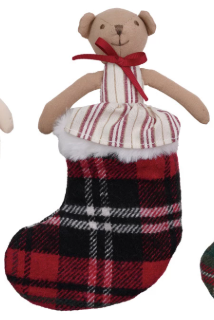 PLUSH ANIMAL TOY WITH STOCKING - ASSORTED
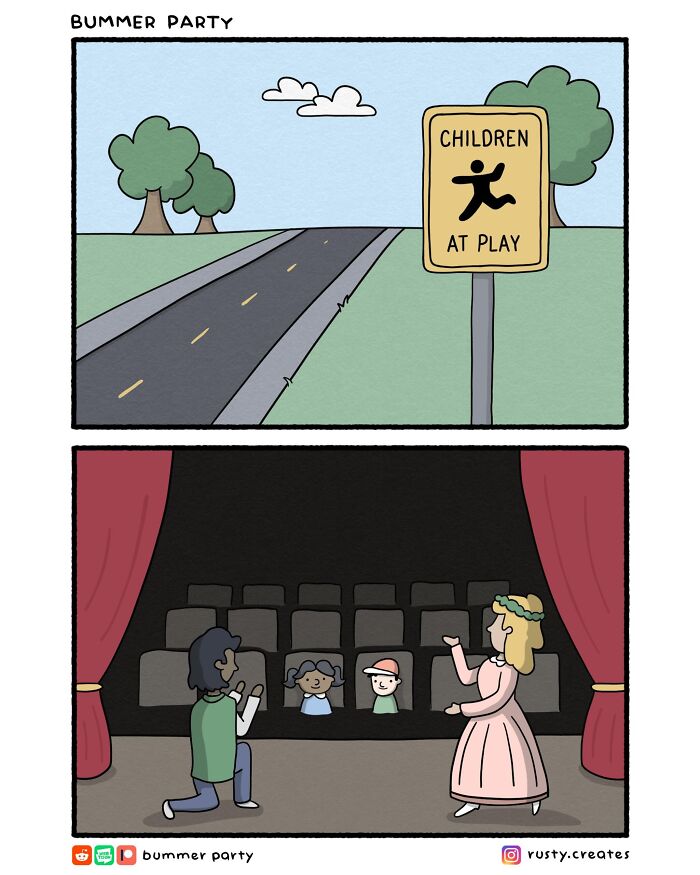 Weird twists comic: A 'Children at Play' sign is shown above a scene of children watching a play in a theater.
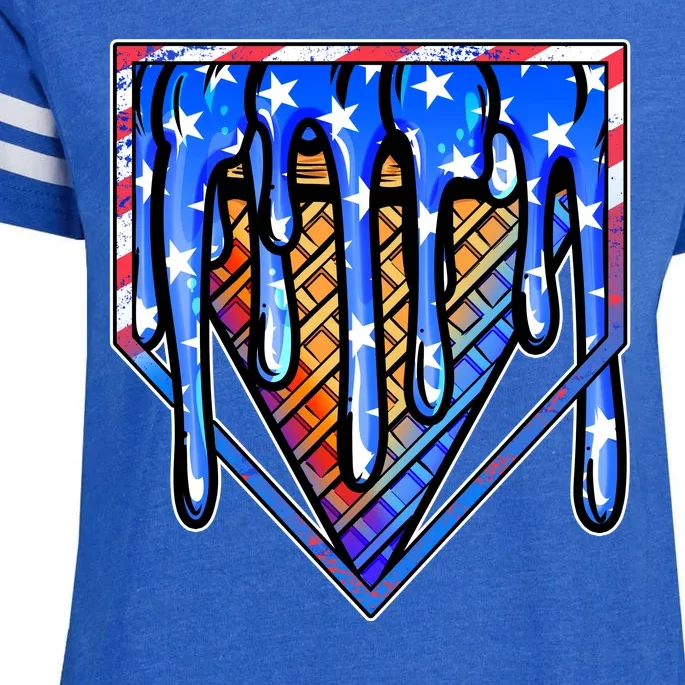 Patriotic Flag Melting Ice Cream Cone Enza Ladies Jersey Football T-Shirt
________
Your goal>
With pictures left out, print the lines of the material above from the line containing "Weird twists comic: A" through its last line, exactly and nothing more.

Response for this exercise>
 Weird twists comic: A 'Children at Play' sign is shown above a scene of children watching a play in a theater.
 Patriotic Flag Melting Ice Cream Cone Enza Ladies Jersey Football T-Shirt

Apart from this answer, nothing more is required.